▶ _Directions for this task_
Please reproduce the data exactly, though every picture must stay out.

▶ _Data section_
- - - - - - -

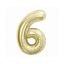Number B&C Champagne Champagne color number 6 foil balloon 85 cm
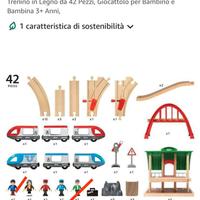 Set ferrovia con scambi Brio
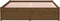 vidaXL - Bedframe - massief - hout - honingbruin - 120x190 - cm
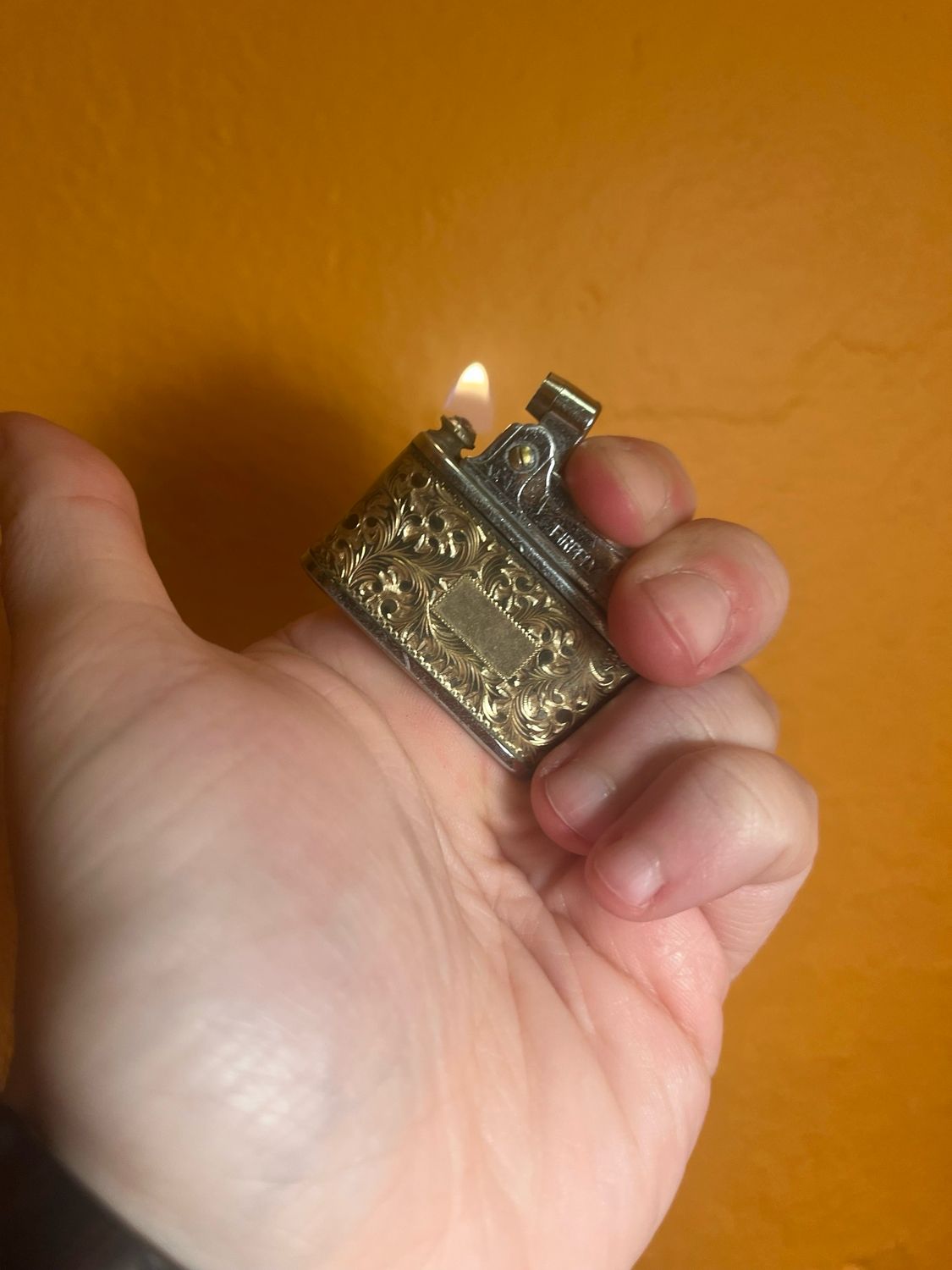 Firefly Golden Filigree Keychain Lighter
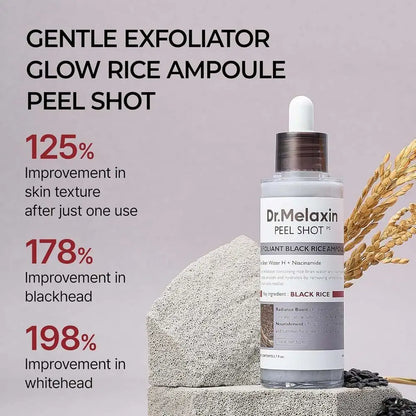 Facial anti oxidant water emulsion essence rice extract can repair damaged skin barrier and refresh skin care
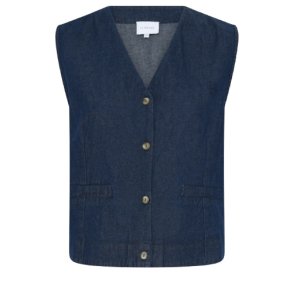 Luna Waistcoat � Denim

- - - - - - -

▶ _Answer below_
Number B&C Champagne Champagne color number 6 foil balloon 85 cm
 Set ferrovia con scambi Brio
 vidaXL - Bedframe - massief - hout - honingbruin - 120x190 - cm
 Firefly Golden Filigree Keychain Lighter
 Facial anti oxidant water emulsion essence rice extract can repair damaged skin barrier and refresh skin care
 Luna Waistcoat � Denim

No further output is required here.